Wigan travel agent plans North Korea golf tournament
A Wigan travel agent is helping to organise what is thought to be the first international amateur golf tournament to be held in North Korea.
Dylan Harris said the matches at the country's only public course, in the capital Pyongyang, had been arranged after a client asked to play there.
He said the country's officials had been eager to host the matches.
A regular visitor to the state since 2007, Mr Harris said "over the last 12 months, they've been relaxing things".
Mr Harris's company, Lupine Travel, specialises in breaks to unusual places, including Chernobyl and Siberia.
He said his first reaction to being asked to arrange a golfing break in North Korea was that he could not make it happen, though not because he did not think the authorities would allow it.
"My first reaction was 'no, not a chance,' as I'd never played golf myself and didn't know anything about it," he said.
"But the client asked if I could check with the North Korean authorities, so I did, expecting a straight no.
"Instead, they were interested straight away."
As with the tours that Mr Harris has arranged before into the country, the golfers he is taking to Pyongyang to play will be given a tour of the country before they play.
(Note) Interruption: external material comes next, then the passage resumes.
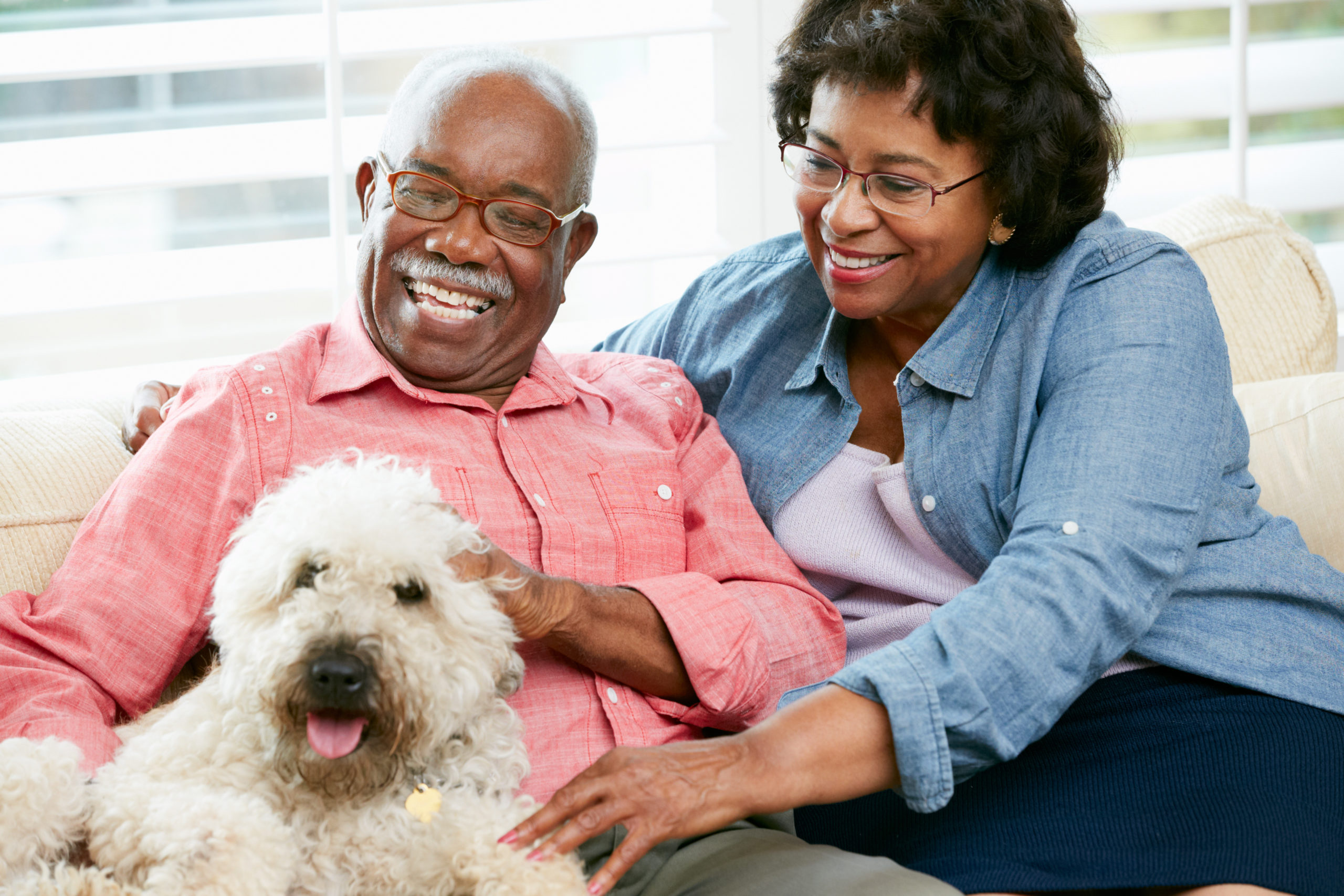 Elk Grove Park | Happy senior couple sitting on sofa with dog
Mr Harris said this had been "a requirement from the authorities".
"They agreed to do the tournament if the people coming in were actually going to see the country," he said.
The open tournament, which was limited to 30 places, will see golfers from the UK, Germany, USA, France, Luxembourg, Australia, Sweden, South Africa and Finland taking part.
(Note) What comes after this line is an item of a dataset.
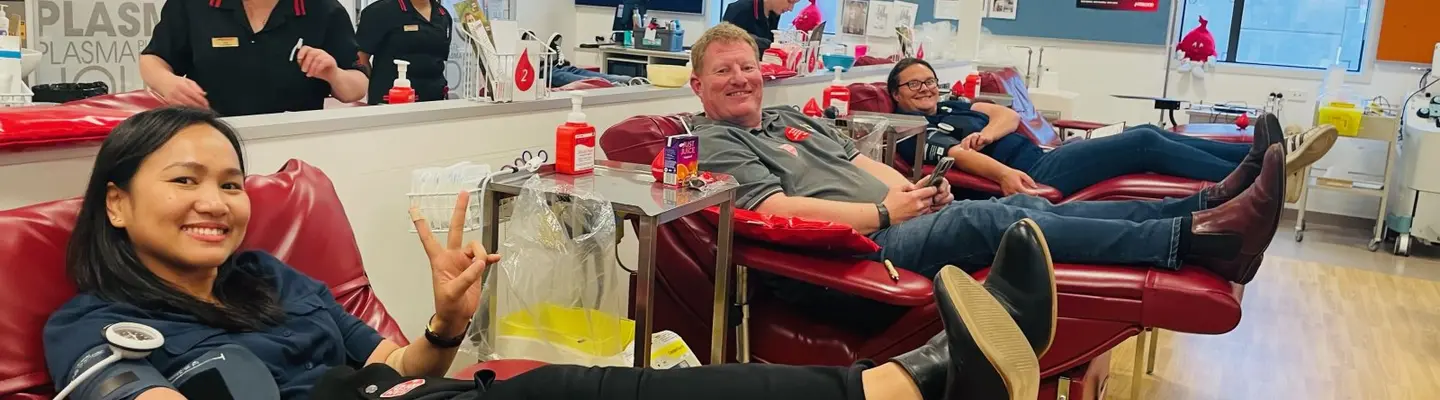 Company staff members participating in a blood donation drive, highlighting employee involvement in community health efforts.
Mr Harris has been arranging holidays to North Korea for four years and said that visiting was "more bizarre than you can imagine".
"It's like going back in time to a 1950s communist state," he said.
"It's not for everyone, but for people who are interested in unusual destinations, it's definitively worth a visit."
He said that while he knew what people's views of the state were, the reality of holidaying in North Korea was becoming more of a "normal" experience.
"I've done things over there in the past and it's been pretty hard - you stick to a really strict tourist path while you're there.
"But over the last 12 months, they've been relaxing things and allowing a lot more of the country to be opened up.
"You get to travel through the countryside on the trains and you see a lot of the poorer villages, but it's no worse than anywhere else in Asia."
He also said that the traditional criticism of the state, that it was impossible to find out what the "North Korean in the street" thinks, was fair, but not for the reasons that were usually documented.
"You can't talk to the citizens, but that's because they can't speak English.
"People smile at you and nod, but there's not really a chance to converse."